● What you have to do:
Print all of the data exactly, but drop the pictures.

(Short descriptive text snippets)
◆ ◆ ◆

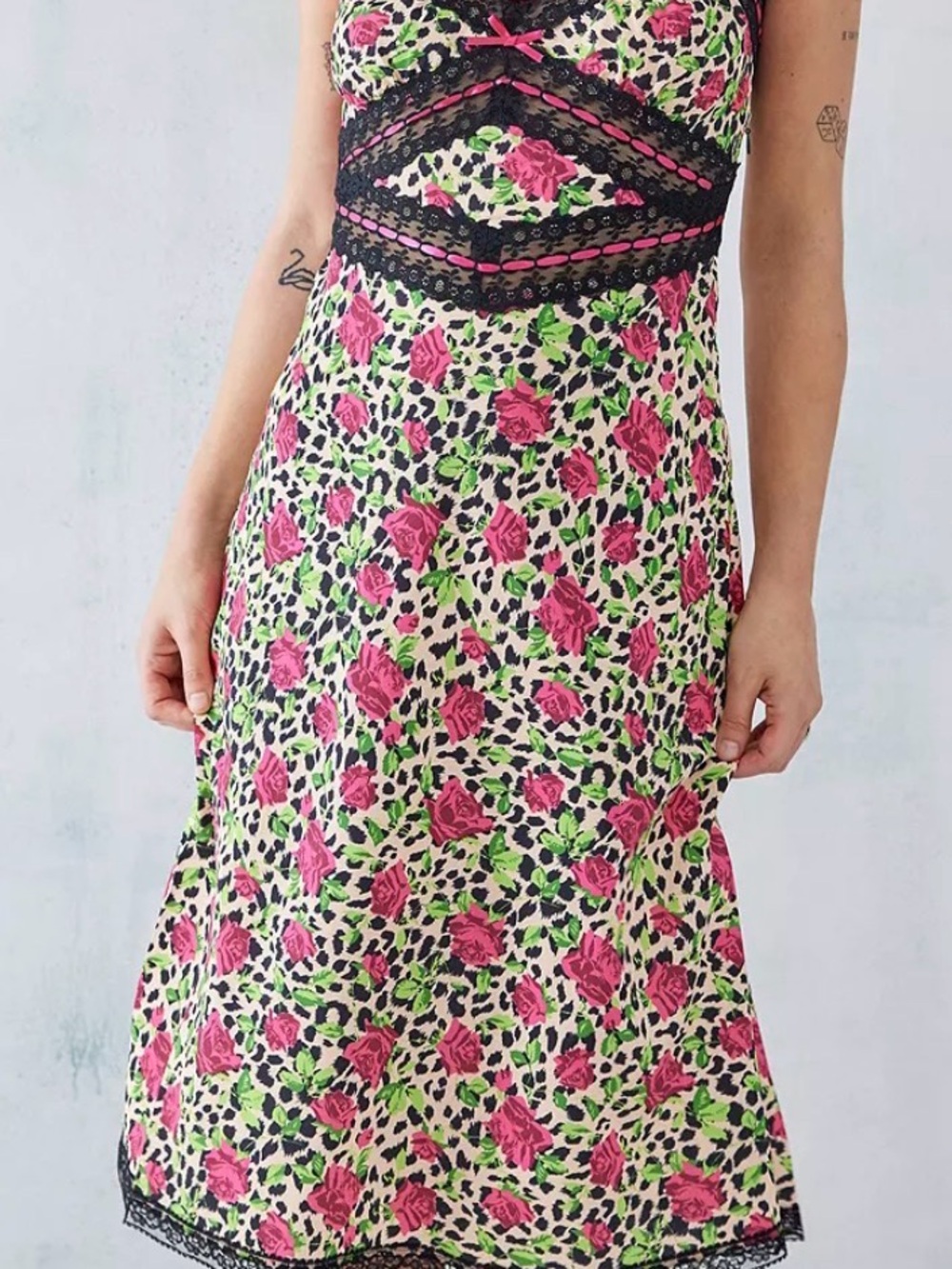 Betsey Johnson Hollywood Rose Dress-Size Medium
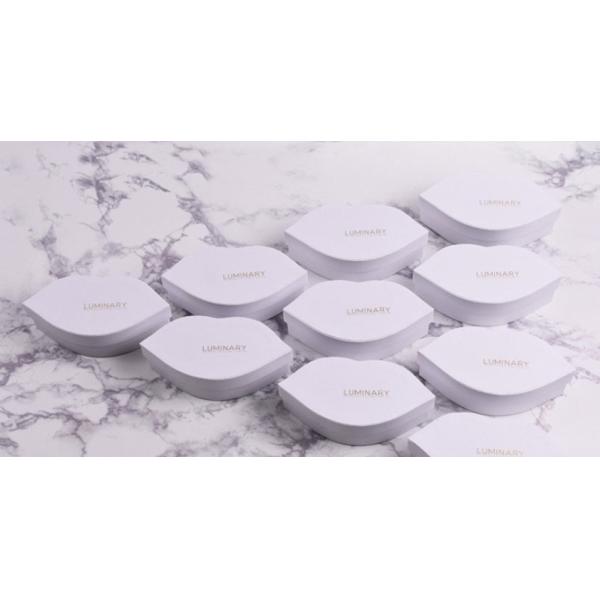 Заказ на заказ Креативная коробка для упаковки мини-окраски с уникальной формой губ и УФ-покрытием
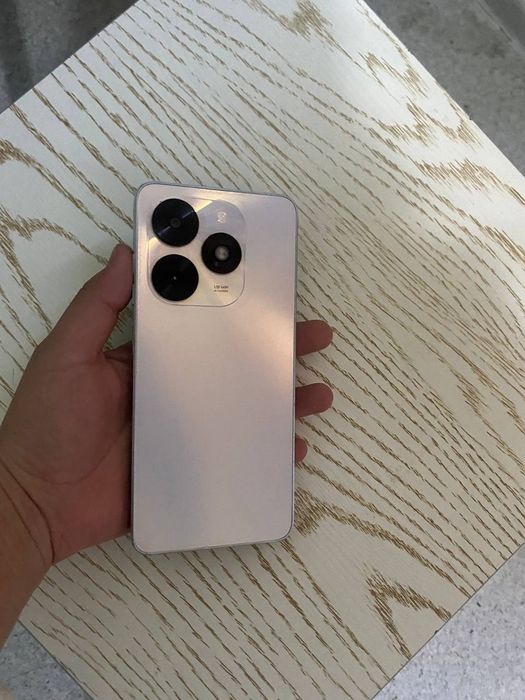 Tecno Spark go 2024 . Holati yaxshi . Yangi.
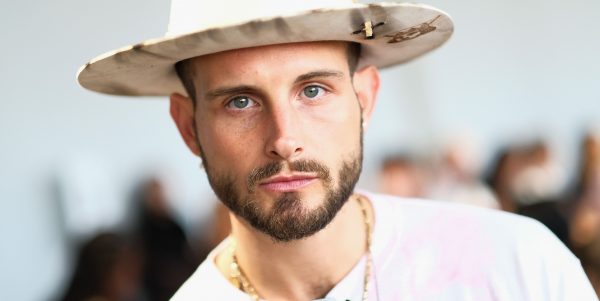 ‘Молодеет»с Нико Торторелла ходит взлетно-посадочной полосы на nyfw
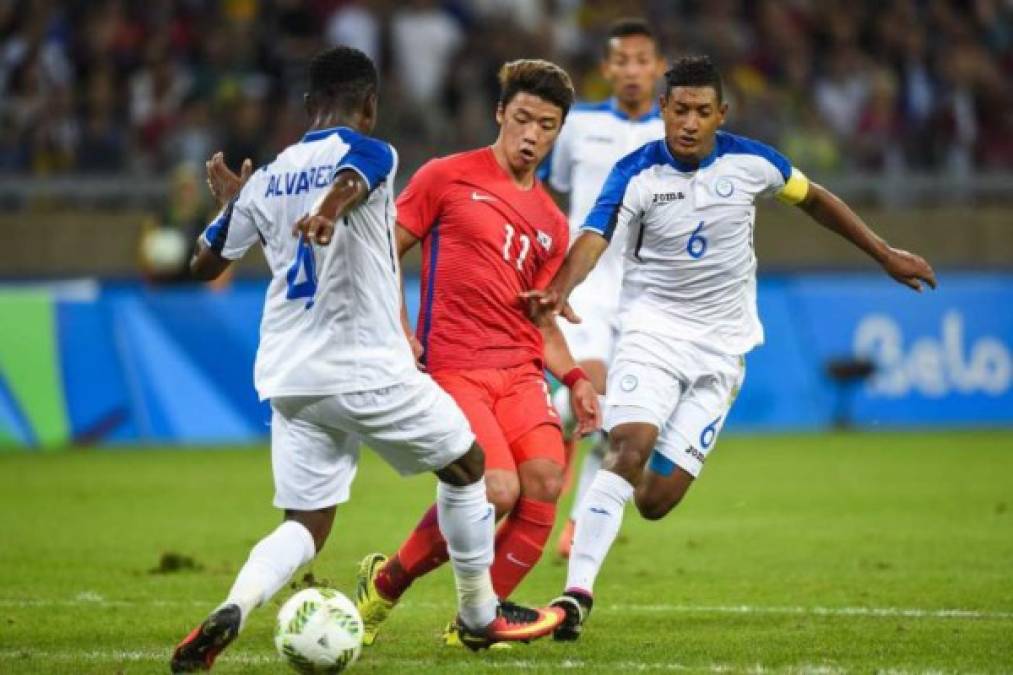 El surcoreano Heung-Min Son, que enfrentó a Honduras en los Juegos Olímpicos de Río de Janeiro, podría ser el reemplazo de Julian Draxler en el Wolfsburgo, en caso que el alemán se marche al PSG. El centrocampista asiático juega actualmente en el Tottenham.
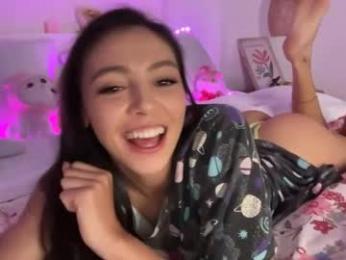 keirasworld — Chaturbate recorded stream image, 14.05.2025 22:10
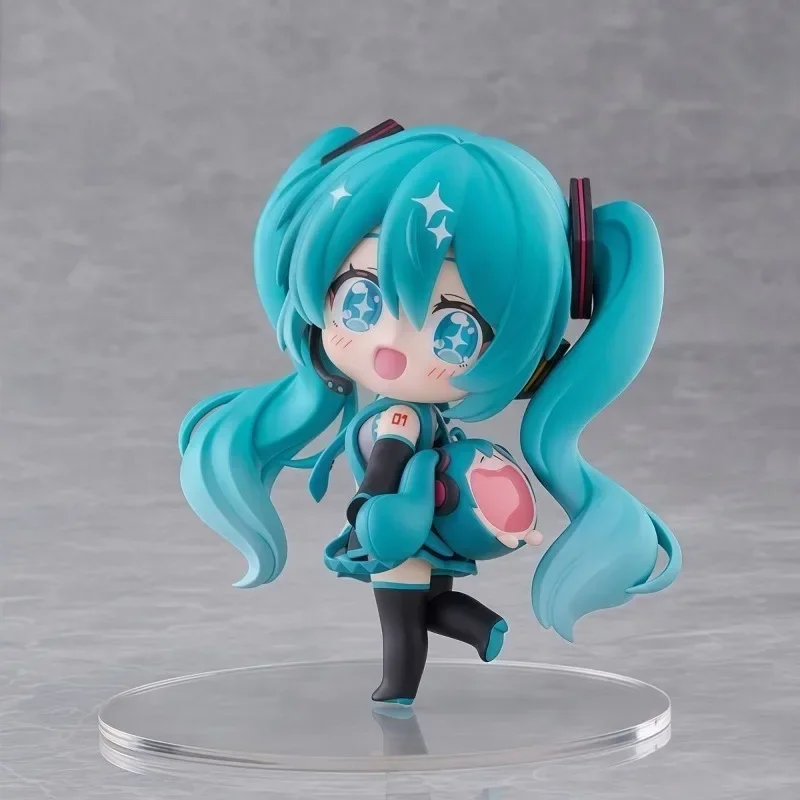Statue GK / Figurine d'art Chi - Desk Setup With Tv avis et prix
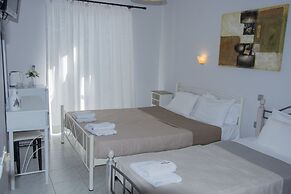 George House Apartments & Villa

◆ ◆ ◆

● Response area:
 Betsey Johnson Hollywood Rose Dress-Size Medium
 Заказ на заказ Креативная коробка для упаковки мини-окраски с уникальной формой губ и УФ-покрытием
 Tecno Spark go 2024 . Holati yaxshi . Yangi.
 ‘Молодеет»с Нико Торторелла ходит взлетно-посадочной полосы на nyfw
 El surcoreano Heung-Min Son, que enfrentó a Honduras en los Juegos Olímpicos de Río de Janeiro, podría ser el reemplazo de Julian Draxler en el Wolfsburgo, en caso que el alemán se marche al PSG. El centrocampista asiático juega actualmente en el Tottenham.
 keirasworld — Chaturbate recorded stream image, 14.05.2025 22:10
Statue GK / Figurine d'art Chi - Desk Setup With Tv avis et prix
 George House Apartments & Villa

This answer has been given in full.